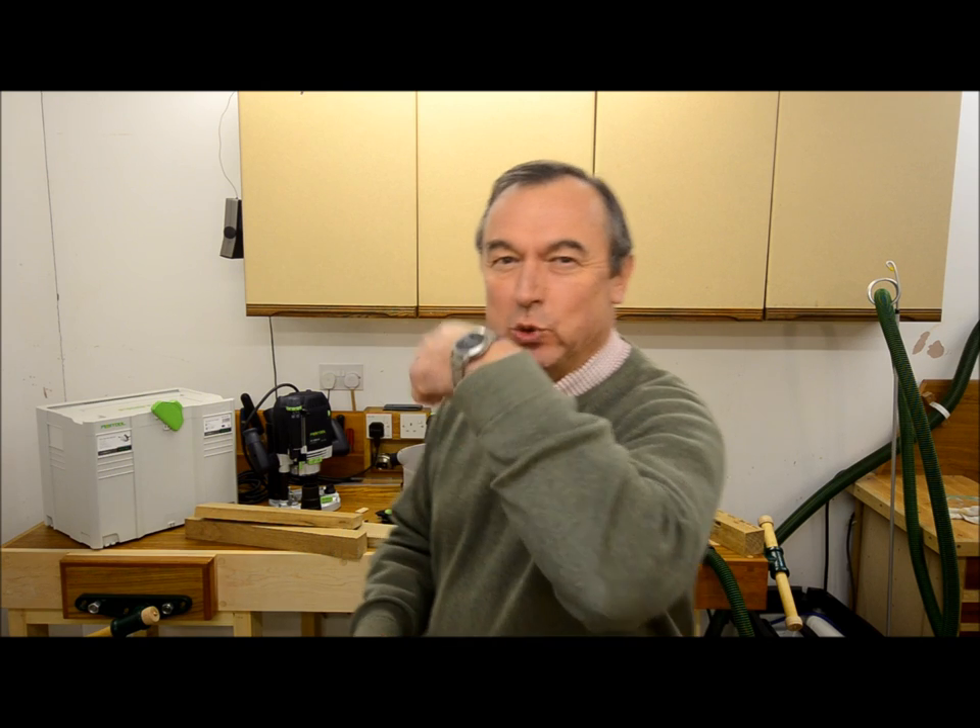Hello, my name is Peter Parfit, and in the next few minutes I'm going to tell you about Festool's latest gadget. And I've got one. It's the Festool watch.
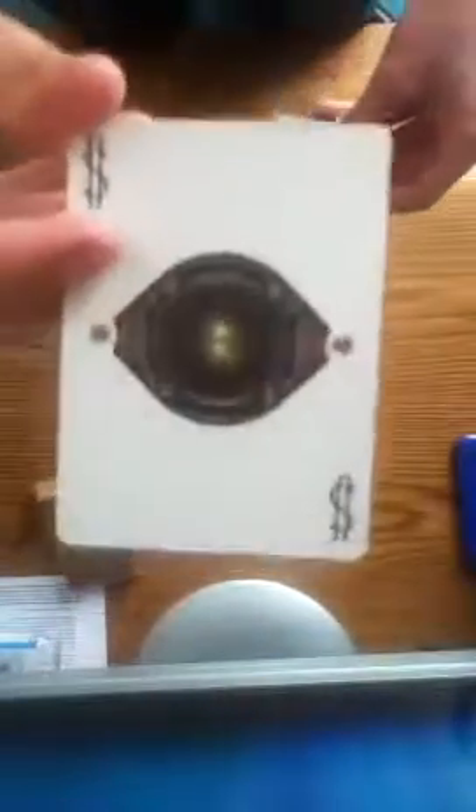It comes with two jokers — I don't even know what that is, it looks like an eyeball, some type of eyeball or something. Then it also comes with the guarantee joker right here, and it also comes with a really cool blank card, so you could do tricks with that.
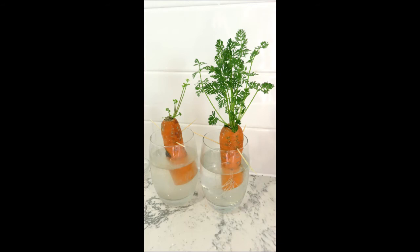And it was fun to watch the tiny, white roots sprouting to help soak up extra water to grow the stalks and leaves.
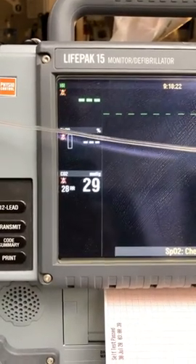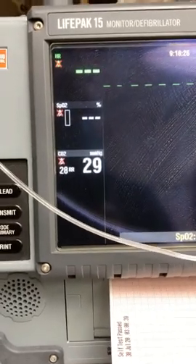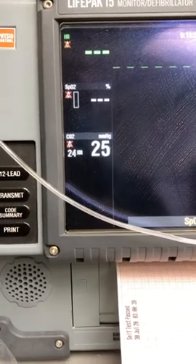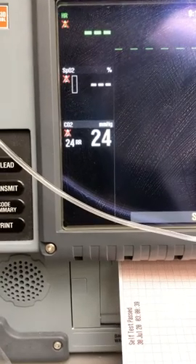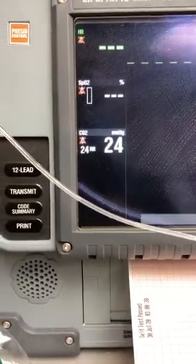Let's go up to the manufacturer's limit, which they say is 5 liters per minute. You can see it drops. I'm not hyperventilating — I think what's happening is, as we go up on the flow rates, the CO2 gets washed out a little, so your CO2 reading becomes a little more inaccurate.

---

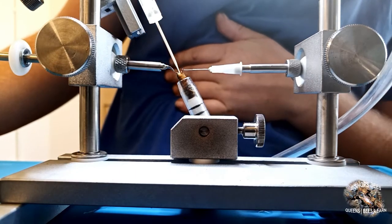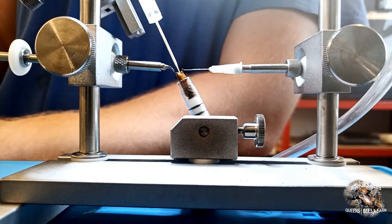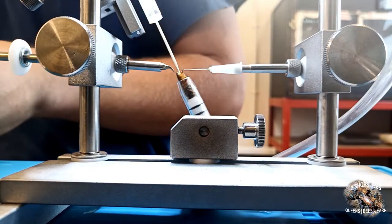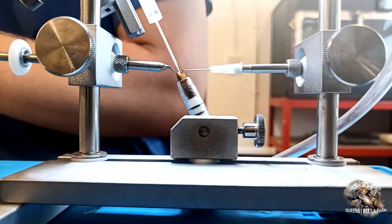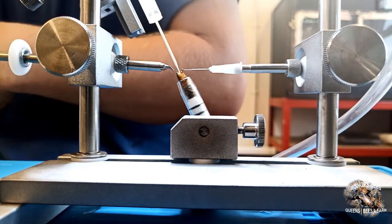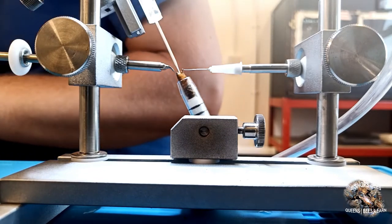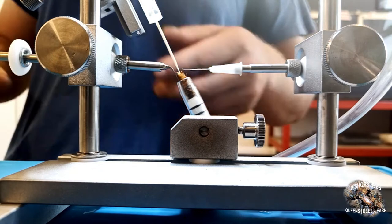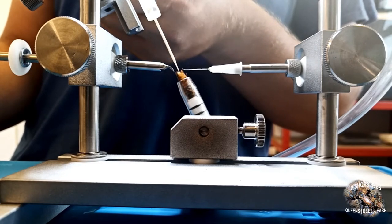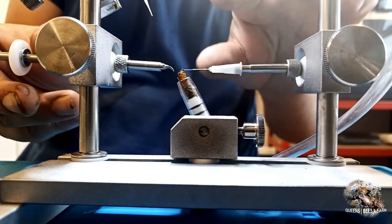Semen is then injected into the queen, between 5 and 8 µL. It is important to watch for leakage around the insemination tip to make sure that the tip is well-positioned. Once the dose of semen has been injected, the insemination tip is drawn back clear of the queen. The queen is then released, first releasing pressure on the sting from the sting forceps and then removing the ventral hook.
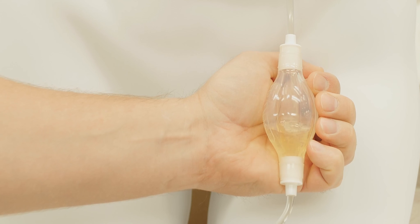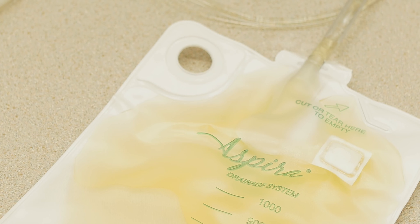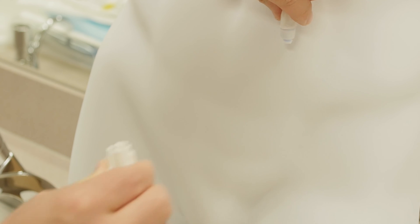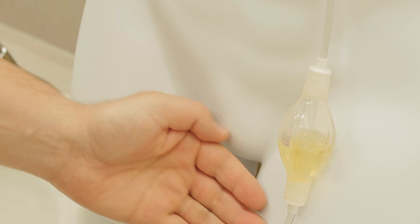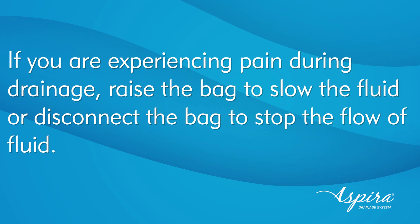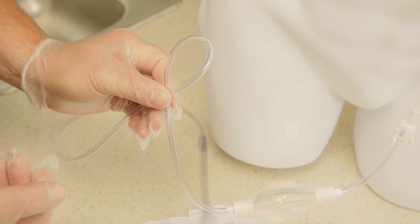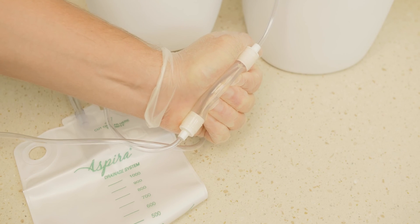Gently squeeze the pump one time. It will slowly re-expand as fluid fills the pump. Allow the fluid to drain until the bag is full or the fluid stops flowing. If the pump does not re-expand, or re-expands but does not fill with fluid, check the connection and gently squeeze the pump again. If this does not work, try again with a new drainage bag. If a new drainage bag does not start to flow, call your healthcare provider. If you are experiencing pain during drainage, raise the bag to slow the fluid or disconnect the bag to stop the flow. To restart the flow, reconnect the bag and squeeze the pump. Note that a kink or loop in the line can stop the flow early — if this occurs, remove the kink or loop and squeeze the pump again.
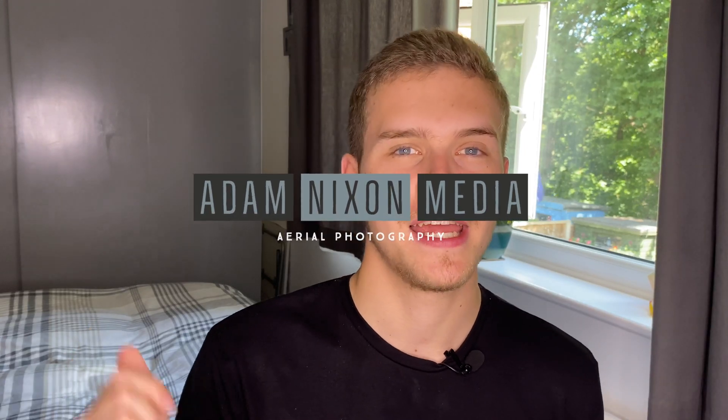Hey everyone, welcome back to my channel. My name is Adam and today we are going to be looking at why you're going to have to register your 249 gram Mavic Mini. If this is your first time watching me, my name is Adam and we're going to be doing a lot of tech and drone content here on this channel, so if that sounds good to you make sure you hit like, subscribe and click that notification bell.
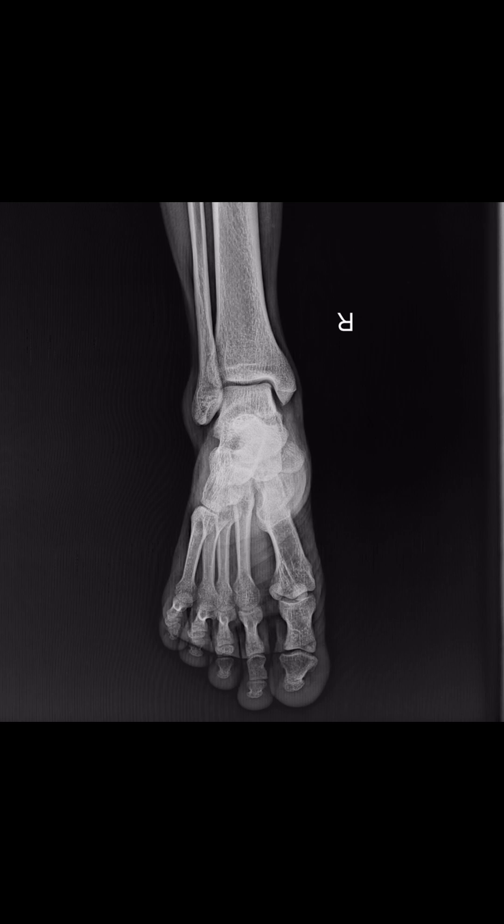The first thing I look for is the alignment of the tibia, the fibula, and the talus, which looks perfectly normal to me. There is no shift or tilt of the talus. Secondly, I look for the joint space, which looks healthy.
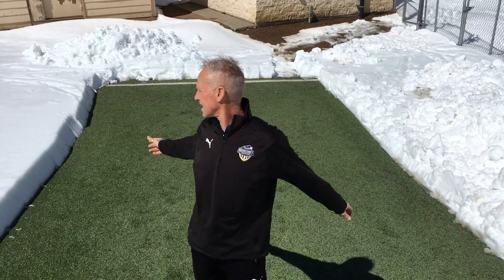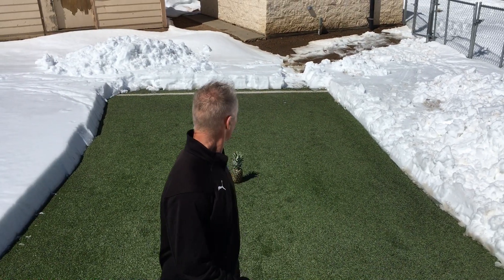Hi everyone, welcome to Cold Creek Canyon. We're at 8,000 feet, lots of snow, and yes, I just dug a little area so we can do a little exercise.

Exercise aim:
Range to copy from the listing above: the line containing "The first thing" down to the line containing "Hi everyone, welcome", both included. Reproduce it exactly, minus the pictures, and add nothing.

The answer:
The first thing I look for is the alignment of the tibia, the fibula, and the talus, which looks perfectly normal to me. There is no shift or tilt of the talus. Secondly, I look for the joint space, which looks healthy.
Hi everyone, welcome to Cold Creek Canyon. We're at 8,000 feet, lots of snow, and yes, I just dug a little area so we can do a little exercise.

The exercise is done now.